Regional improvements in the plan, including three lines of light rail in Surrey and a subway along a portion of Broadway in Vancouver, would also help SFU students move between the university’s Burnaby, Vancouver and Surrey campuses in the long term.

“I think it’s very much a community issue but one that the university has a particular perspective on,” Petter said.

With the mail-in vote coming up between March 16 and May 29, Petter said his office will work with the student association to get as many students out to vote as possible. 

“We certainly won’t be telling students how to vote,” he said. “We’ll be giving them the information … Students are the ones who have the most stake in the future.  They have an immediate interest in this issue because they’re the ones spending time sitting on a bus instead of in the classroom or in the library or out in the community doing exciting things.”

Asked if he would like to have seen more support for the transit plan from Burnaby Mayor Derek Corrigan, who voted against it, Petter said he would leave the local mayor to defend his own position.
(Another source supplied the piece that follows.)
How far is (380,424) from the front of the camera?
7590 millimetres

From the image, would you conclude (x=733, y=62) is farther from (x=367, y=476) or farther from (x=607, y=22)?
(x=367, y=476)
“I said what I think is the best position for our students and for the university and for the community,” Petter said, “and I fully expect that many other people will disagree with that, although I hope everyone acquaints themselves with the issues … I think it is very much about the future of the community. The question for me is, are we going to shape the future of the community or are we going to let circumstances tells us the kind of community we have, and those circumstances will be more congestion, more chaos, more traffic, less access to universities.”